A reporter that outputs the configurable csv table with rows for each run block. It can be used to access the benchmarking result for further processing in other tools without using temci as a library or creating a new reporter (see Extending temci).

This reporter is either configured via the report/csv_misc settings block or via the command line options of the same name (prefixed with csv_):

# List of valid column specs
# format is a comma separated list of 'PROPERTY[mod]' or 'ATTRIBUTE'
# mod is one of: mean, stddev, property, min, max and stddev per mean
# optionally a formatting option can be given via PROPERTY[mod|OPT1OPT2…]
# where the OPTs are one of the following:
#        % (format as percentage)
#        p (wrap insignificant digits in parentheses (+- 2 std dev))
#        s (use scientific notation, configured in report/number) and
#        o (wrap digits in the order of magnitude of 2 std devs in parentheses).
# PROPERTY can be either the description or the short version of the property.
# Configure the number formatting further via the number settings in the settings file
columns: [description]

# Output file name or standard out (-)
out: '-'

Output for a simple benchmark (with --csv_columns "utime[mean|p],utime[stddev],utime[max]", see Console <temci_report.html#Console>):

utime[mean|p],utime[stddev],utime[max]
0.00(2),0.000,0.002
0.00(1),0.000,0.002

Codespeed

Reporter that outputs JSON as expected by codespeed.
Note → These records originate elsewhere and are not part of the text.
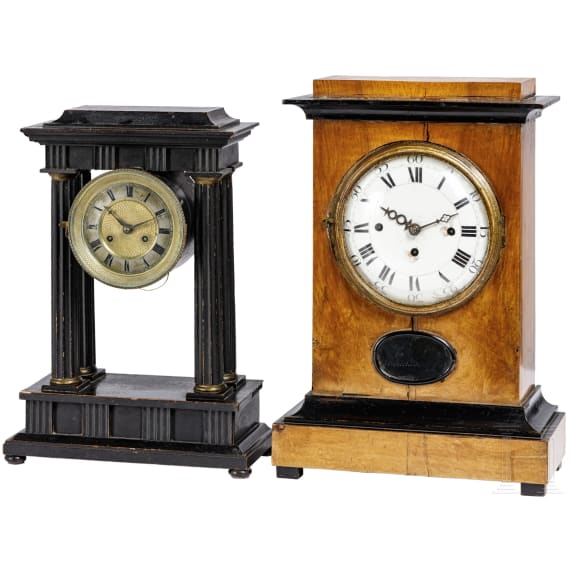 Zwei Biedermeier-Uhren, deutsch, 1. H&auml;lfte 19. Jhdt.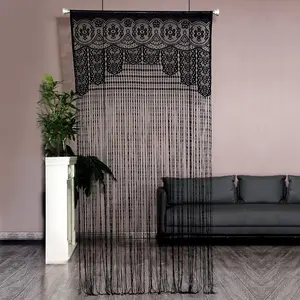 1pc French Lace Curtain, No Drilling Bedroom Door Curtain, Bohemian Style Living Room Divider, Elegant and Stylish Home Decor, Easy Install Curtain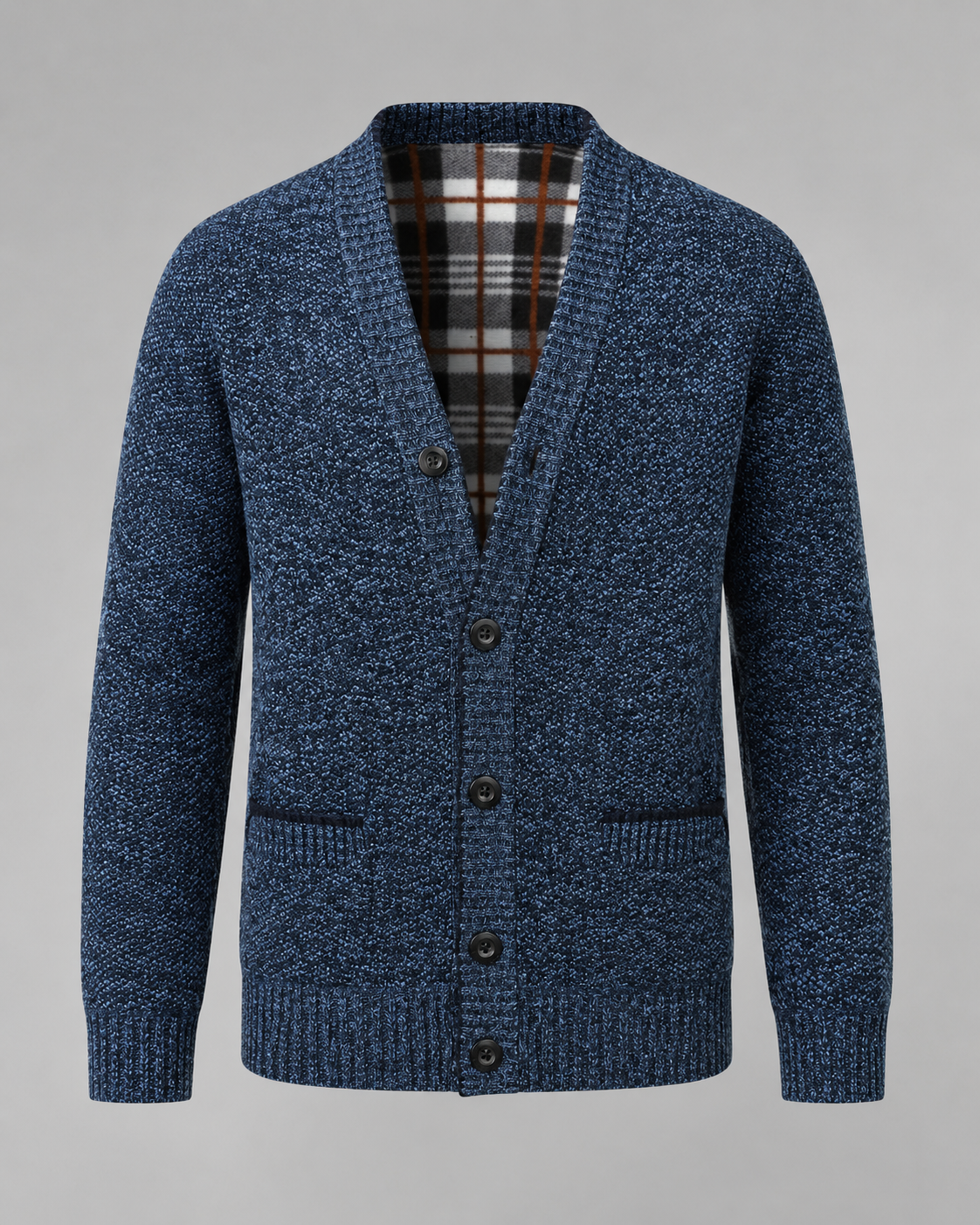 Men's Knitted Button Cardigan - V-Neck Regular Fit Ribbed Trim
Branch name and commit ID are taken from the current directory. Use it like this:

temci report --reporter codespeed ... \
   | curl --data-urlencode json@- http://localhost:8000/result/add/json/

This reporter is either configured via the report/codespeed_misc settings block or via the command line options of the same name (prefixed with codespeed_):

# Branch name reported to codespeed. Defaults to current branch or else 'master'.
branch: ''

# Commit ID reported to codespeed. Defaults to current commit.
commit_id: ''

# Environment name reported to codespeed. Defaults to current host name.
environment: ''

# Executable name reported to codespeed. Defaults to the project name.
executable: ''

# Project name reported to codespeed.
project: ''

Output for a simple benchmark (with --properties utime, see Console <#Console>):

[
   {
      "project":"",
      "executable":"",
      "environment":"i44pc17",
      "branch":"master",
      "commitid":null,
      "benchmark":"sleep 0.5: utime",
      "result_value":0.0016606000000000004,
      "std_dev":0.0003140857207833556,
      "min":0.001275,
      "max":0.002089
   },
   {
      "project":"",
      "executable":"",
      "environment":"i44pc17",
      "branch":"master",
      "commitid":null,
      "benchmark":"sleep 1: utime",
      "result_value":0.0011384,
      "std_dev":0.00043076889395591227,
      "min":0.000736,
      "max":0.00174
   }
]